Presque tout le monde s’attendait à ce naufrage. Par exemple le joueur Mike Gomes: «Comme nous n’avons toujours pas reçu nos salaires, nous nous y attendions, je suis dégoûté. Les jeunes d’ici ne pourront plus rêver de Xamax comme je le faisais étant enfant», déclare dans 24 Heures/La Tribune de Genève l’ancien junior depuis Dubaï.

«Xamax, mon vieil amour, est porté en terre!» Ce cri du cœur de Gilbert Gress est rapporté par le journal de boulevard Blick. Celui qui totalise 14 ans comme entraîneur de l’équipe neuchâteloise s’exprime dans plusieurs journaux ce jeudi, et n’est pas surpris. «On n’a que ce qu’on mérite», dit-il par exemple dans Le Temps. «Chagaev n’est pas le seul à avoir commis des erreurs, ses prédécesseurs en ont fait avant lui. Mais quand ce monsieur est arrivé et a viré tout le monde, on a compris qu’il n’avait ni éducation ni respect. Après, ce ne fut qu’une succession de décisions incompréhensibles.»

Espoirs…

La Südostschweiz ne s’étonne pas non plus. «Après que le douteux Tchétchène a repris le sceptre de Neuchâtel, on ne pouvait que prévoir que ce club de grande tradition finirait tôt ou tard dans le mur», écrit le journal alémanique, qui conclut pourtant qu’«un nouveau départ serait aussi une nouvelle chance» pour Xamax.

La Liberté, elle, songe aussi à l’après-Chagaev». «Les cendres du Xamax de Bulat Chagaev sont encore chaudes, qu’il faut déjà se projeter vers l’avenir, peut-on lire dans le quotidien fribourgeois. Car, c’est presque une certitude, le club ‘rouge et noir’ en aura un. Très certainement sans le sulfureux Tchétchène. Qui reste tout de même pour l’heure propriétaire du club et se battra jusqu’au bout. Mais plus grand monde ne croit à un retournement de situation.»

L’Express de Neuchâtel partage ce volontarisme. «Xamax s’éteint, un espoir s’éveille», ce tire se veut encourageant pour évoquer un avenir qui, «pour autant qu’il ne soit pas balayé par une faillite, se retrouverait en première ligue».

Des collégiens ont commencé à jouer et, en 1912, se structurent pour rencontrer d’autres adversaires, sous l’impulsion de Max Abegglen dit «Xam», d’où le nom du club.

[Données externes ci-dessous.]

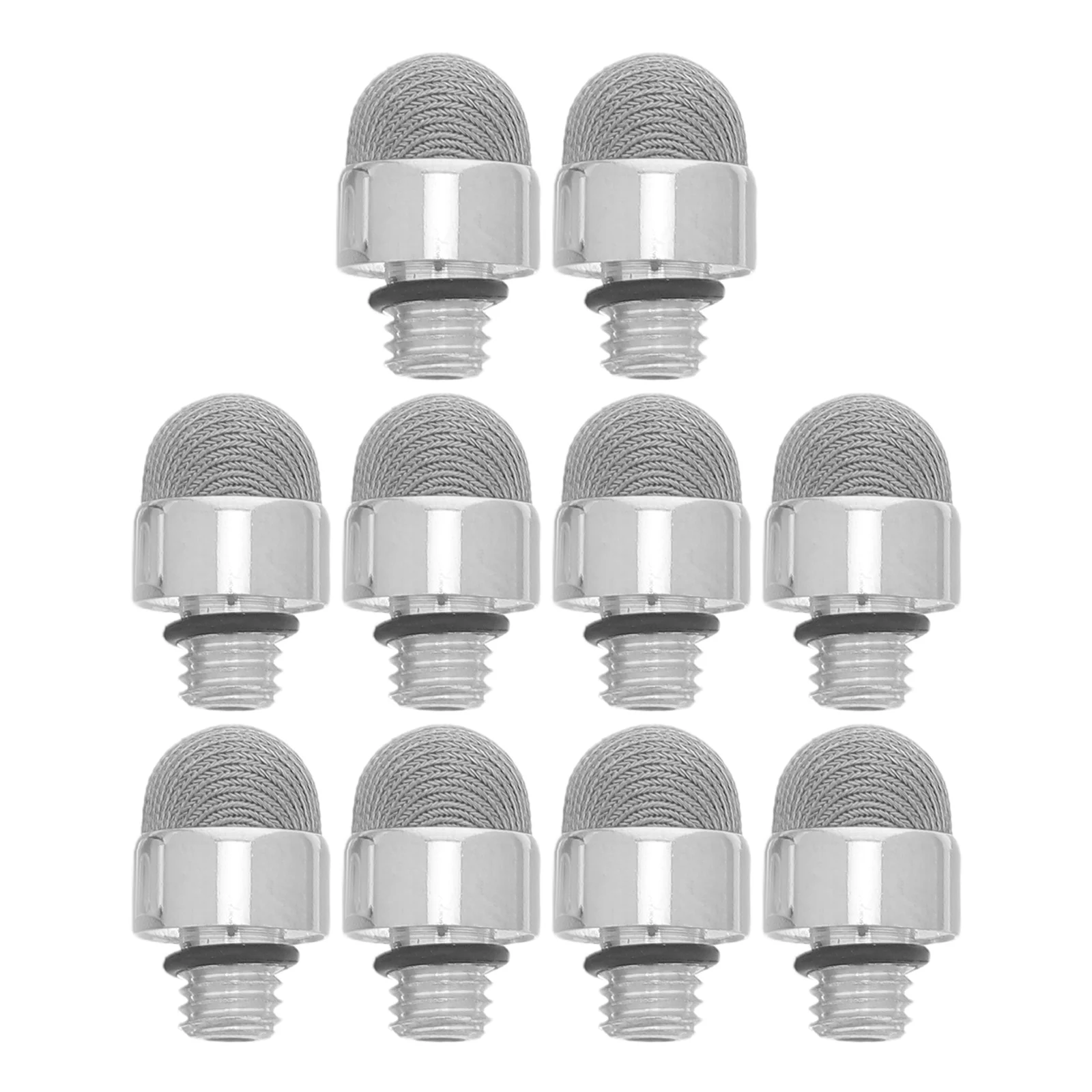 

10pcs Stylus Pen Nibs Replacement Tips High Sensitivity Capacitive Touchscreen Smooth Writing Durable Long Lasting For Tablets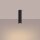 Spot Lampe Decke Schwarz Ø 6,5 cm H: 30 cm GU10 Aufputz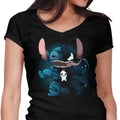 Symbiotic Experiment Women's V-Neck - Adult & Kids T-Shirts, Sweatshirts & Hoodies apparel design preview 1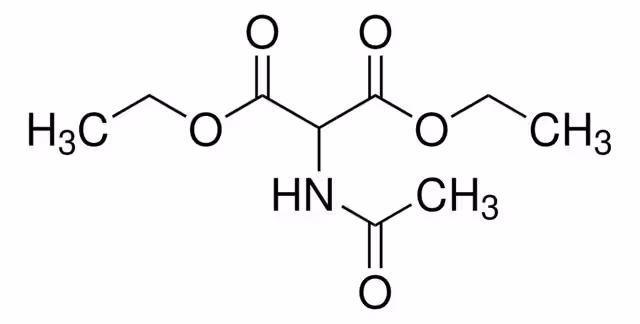 DIETHYL ACETAMIDOMALONATE, 98% pack 1X100G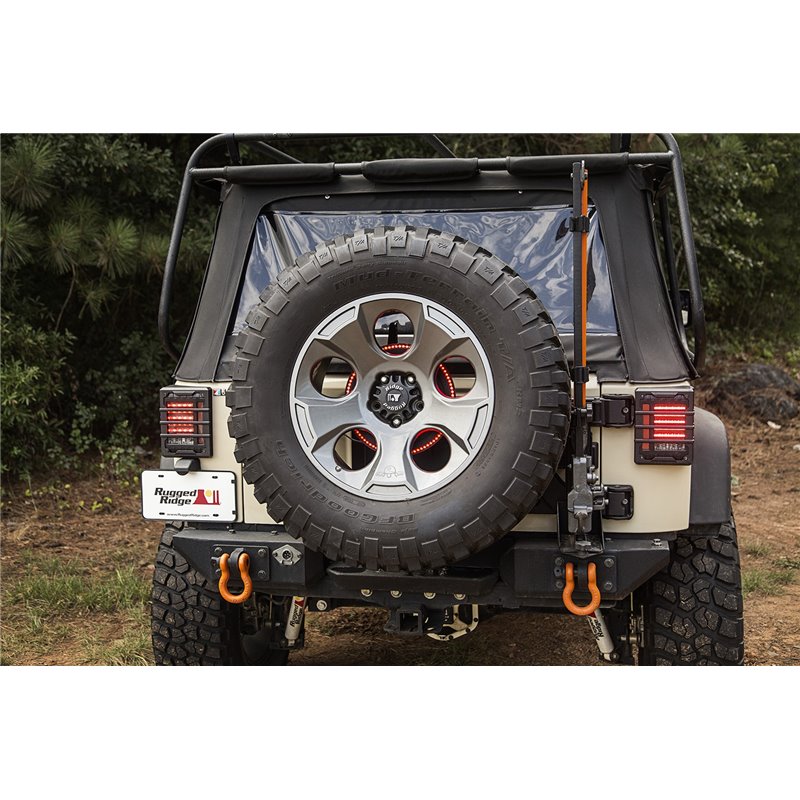 RUGGED RIDGE | Accessory Brake Light LED Ring - Wrangler / Wrangler (JK) 1987-2018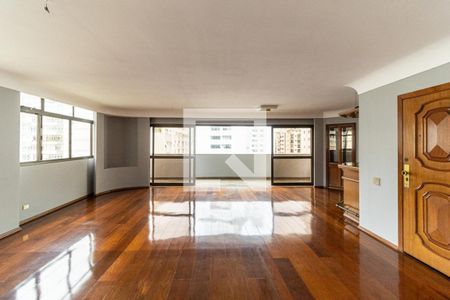 Sala de apartamento para alugar com 4 quartos, 280m² em Santa Cecilia, São Paulo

Le Club de Neuchâtal Xamax a été créé en 1970. Il est issu de la fusion des deux principaux clubs de la région: le FC Xamax et le FC Cantonal Neuchâtel.

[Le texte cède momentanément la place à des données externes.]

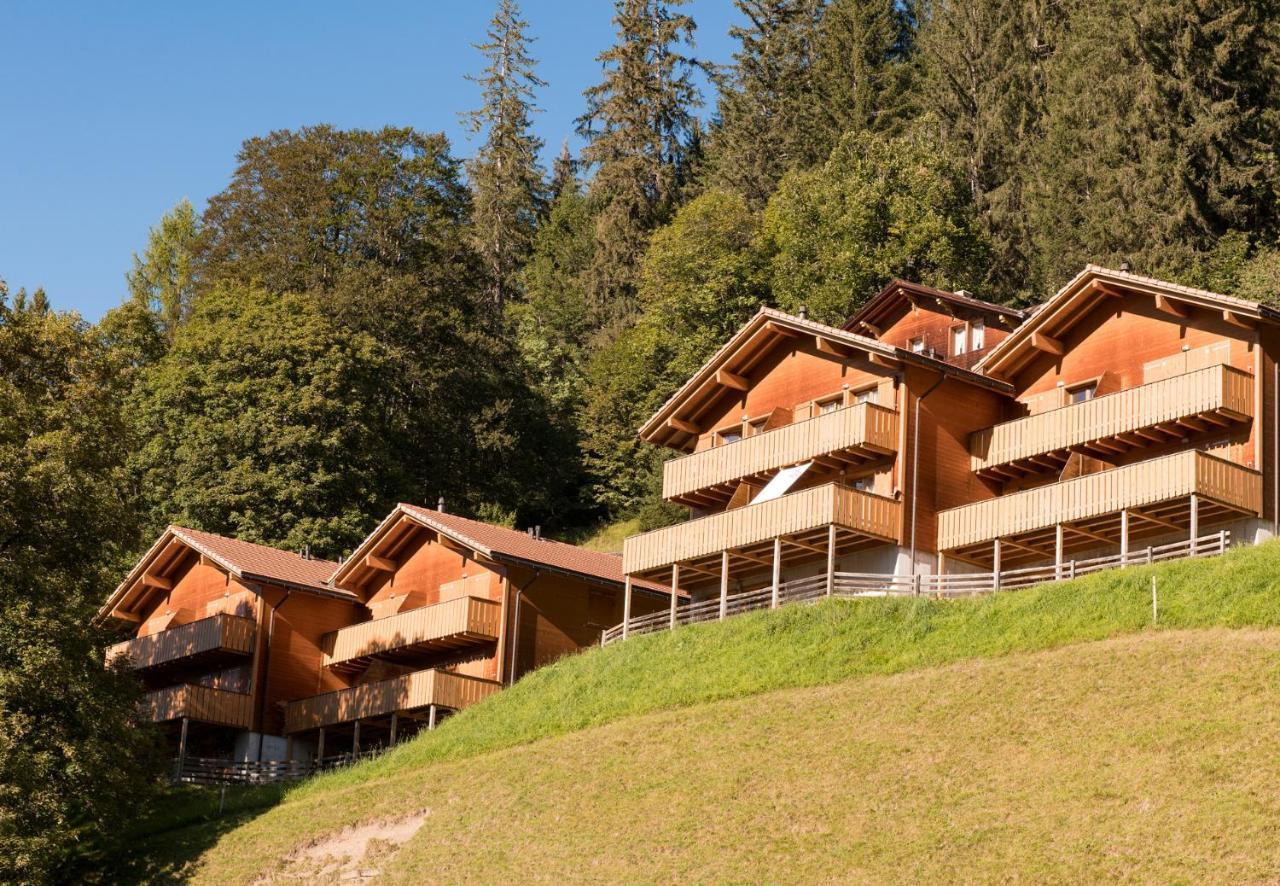 Racers Retreat #5 Villa Wengen Bagian luar foto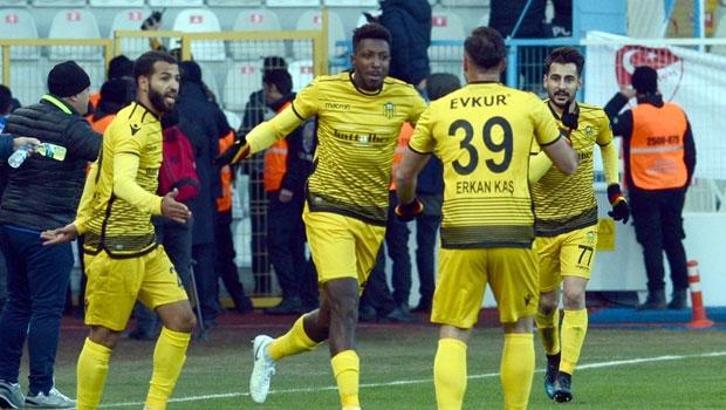 Yeni Malatyaspor'dan muhteşem geri dönüş: 1-3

C’est dans les années 1980 que le club a connu ses plus grands succès. Il a notamment été couronné Champion de Suisse en 1987 et 1988. C’est également durant cette décennie qu’il est parvenu à deux reprises en quart de finale de la Coupe UEFA.

Neuchâtel Xamax a disposé de quelques entraîneurs de renom. Citons notamment: Gilbert Gress, Roy Hodgson et Ulrich Stielike.

Au cours de ses 42 ans d’existence, le club neuchâtelois n’avait passé qu’une seule saison (2005-2006) en seconde division du football suisse.

Neuchâtel Xamax s’est vu retirer sa licence par la commission de discipline de la Swiss Football League (SFL) et disparaît avec effet immédiat de l’Axpo Super League.

Elle retire également l’effet suspensif de la sanction en cas de recours dans un délai de 5 jours. Ce que va faire le propriétaire du club Bulat Chagaev.

Motif: la multiplication des manquements administratifs, des retards dans les versements de salaires et l’inculpation de faux dans les titres prononcée contre Bulat Chagaev.

Convaincue que la prétendue garantie bancaire de la Bank of America n’a pas été établie, la commission a conclu que les conditions pour la licence ne sont plus remplies par la non-présentation des documents financiers.